City of Kaukauna and Village of Little Chute – Nelson Family Heritage Crossing

Owners: City of Kaukauna & Village of Little Chute

Consultant: Graef

Contractor: Michaels Foundations

Teamwork and cooperation were paramount to the success of this bicycle/pedestrian bridge across the Fox River, connecting Kaukauna and Little Chute. The 1,131 foot bridge provides a critical, safe crossing splitting the distance between high-volume multi-lane roadway bridges located 1.5 miles upstream and 1.5 mile downstream. The crossing was needed in the Loop the Locks system to realize the trails goal of achieving a full loop.

Some of the unique features of this project include:

  • Construction experts were consulted to devise construction methods that worked within the busy navigation channel, without disturbing river traffic.
  • The bridge (and associated trail) are both ADA accessible throughout, meeting code requirements regarding, slopes and widths while providing an inviting location for those with mobility challenges to access and view a formerly inaccessible area of the river.
  • With substantial interest from many area residential property owners, there was significant interest from the start which lead to exploration of a high number of alternatives that included location, alignment, design style, lighting and operations.

City of Kenosha – Storm Water Improvement Projects

Owner: City of Kenosha

Consultant: Ruekert & Mielke, Inc.

Contractors: A.W. Oakes & Sons, Inc. and Zignego Construction

In 2017, back to back rainfall events resulted in catastrophic local and regional flooding.

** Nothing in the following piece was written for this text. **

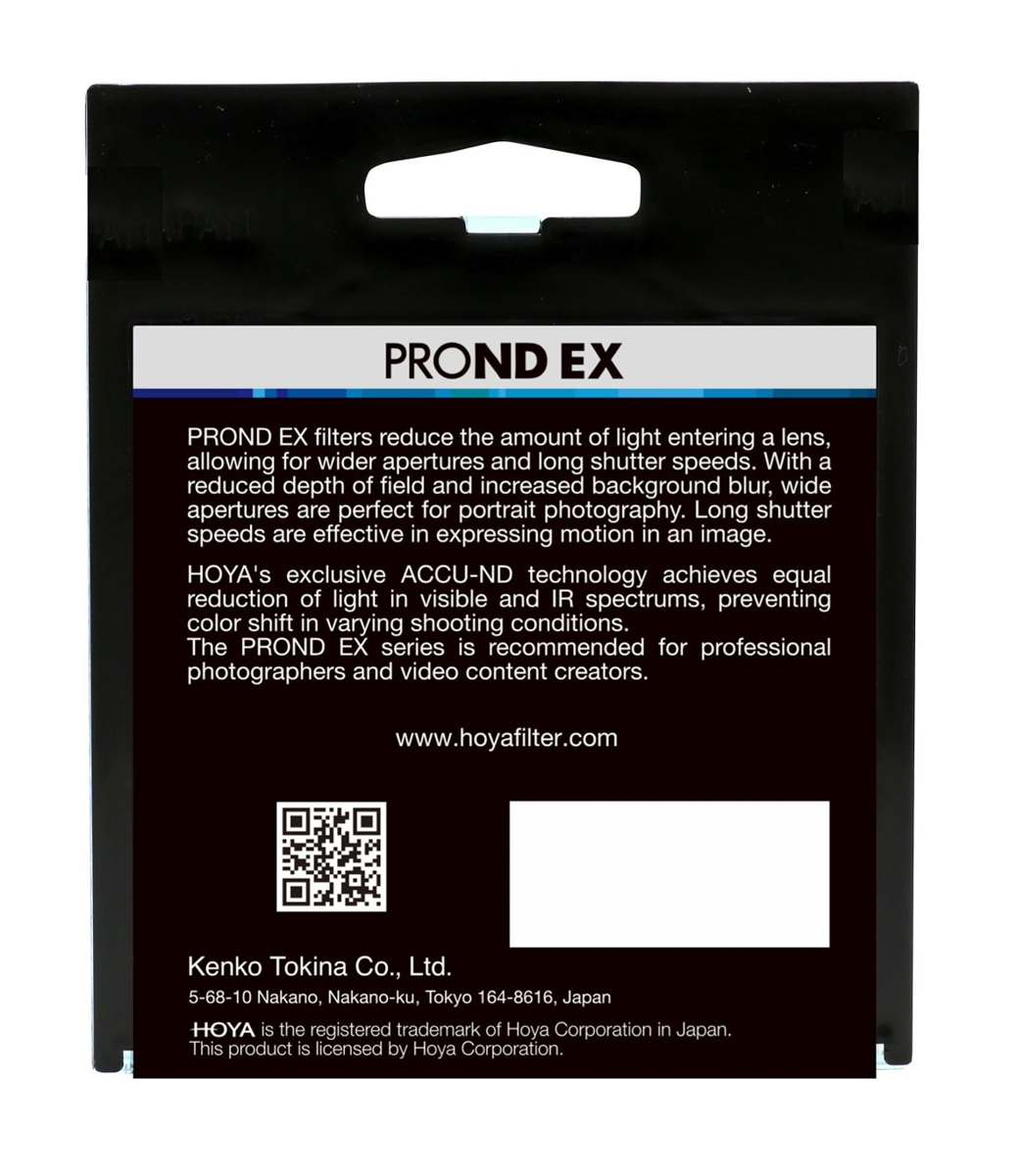 Hoya ND-Filter PRO EX ND8 55mm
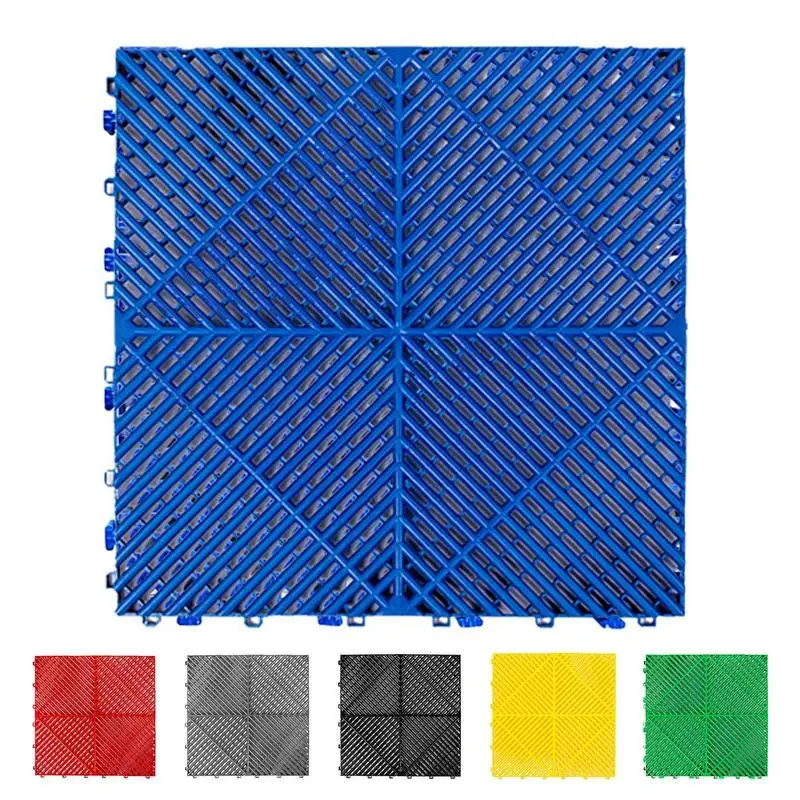 

Car Wash Grille High Strength Grille Plate Cover Outdoor Drain Cover Floor Mat Garage Tile Garage Mat Floor Grid Plate Car tools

The floods raised immediate health concerns and caused significant damage to community homes, businesses and infrastructure. Kenosha amplified their short and long term storm water management efforts that they had been working on since 2012. Ultimately, this led to implementing several storm water improvement projects. The Kenosha Engine Plant project included a 90 acre-foot flood control facility; the Georgetown project included a 50 acre-foot detention and flood control facility and the McKinley basin project included a new storm sewer to alleviate flooding. The plan is to continue to implement a flood control project every year until 2027.

Some of the unique features of this project include:

  • Creation of a digital GIS-based Story Map to help community members learn about the City’s storm water management efforts.
  • The Georgetown facility was designed to seamlessly integrate with the ecological, aesthetic and storm water benefits of the existing landscape.
  • At the Kenosha Engine Plant site project, a designated brownfield, the WDNR and Kenosha Water Utility would not permit the City to discharge contaminated water into the sanitary sewer. The design included a “dirty bay” where contaminated water was stored, tested and pre-treated and a “clean bay” where the pre-treated water was re-tested before discharging into the sanitary sewer system.